SKD61 e SKD11 são duas designações de aço ferramenta JIS amplamente utilizadas que apresentam um dilema comum de seleção para engenheiros, gerentes de compras e planejadores de manufatura: escolher uma liga otimizada para serviço em alta temperatura e resistência à fadiga térmica, ou escolher uma otimizada para máxima resistência ao desgaste abrasivo e estabilidade dimensional em trabalho a frio. As decisões geralmente dependem da temperatura de operação, modo de desgaste esperado, tenacidade requerida, soldabilidade e custo total do ciclo de vida.

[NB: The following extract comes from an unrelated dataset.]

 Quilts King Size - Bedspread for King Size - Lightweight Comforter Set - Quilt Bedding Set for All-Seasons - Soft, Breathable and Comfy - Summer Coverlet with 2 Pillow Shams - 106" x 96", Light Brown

SKD61 (JIS) corresponde amplamente ao AISI H13 (aço ferramenta para trabalho a quente) e prioriza a dureza a quente, resistência à fadiga térmica e tenacidade. SKD11 (JIS) corresponde ao AISI D2 (aço ferramenta para trabalho a frio de alto carbono e alto cromo) e prioriza alta dureza e resistência ao desgaste através de uma alta fração de carbonetos. Essas diferenças funcionais explicam por que eles são frequentemente comparados em design de matrizes, ferramentas e seleção de componentes.

1. Normas e Designações

  • JIS: SKD61 (aço ferramenta para trabalho a quente), SKD11 (aço ferramenta para trabalho a frio)
  • Equivalentes AISI/ASTM: SKD61 ≈ H13; SKD11 ≈ D2
  • EN: equivalentes de H13 existem sob a família EN X40CrMoV5-1; D2 corresponde a EN X153CrMoV12.
  • GB (China): SKD61 ~ Cr5MoV; SKD11 ~ Cr12MoV.

Classificação: - SKD61: aço ferramenta de liga (trabalho a quente)
- SKD11: aço ferramenta de trabalho a frio de alto carbono e alto cromo (liga/ferramenta)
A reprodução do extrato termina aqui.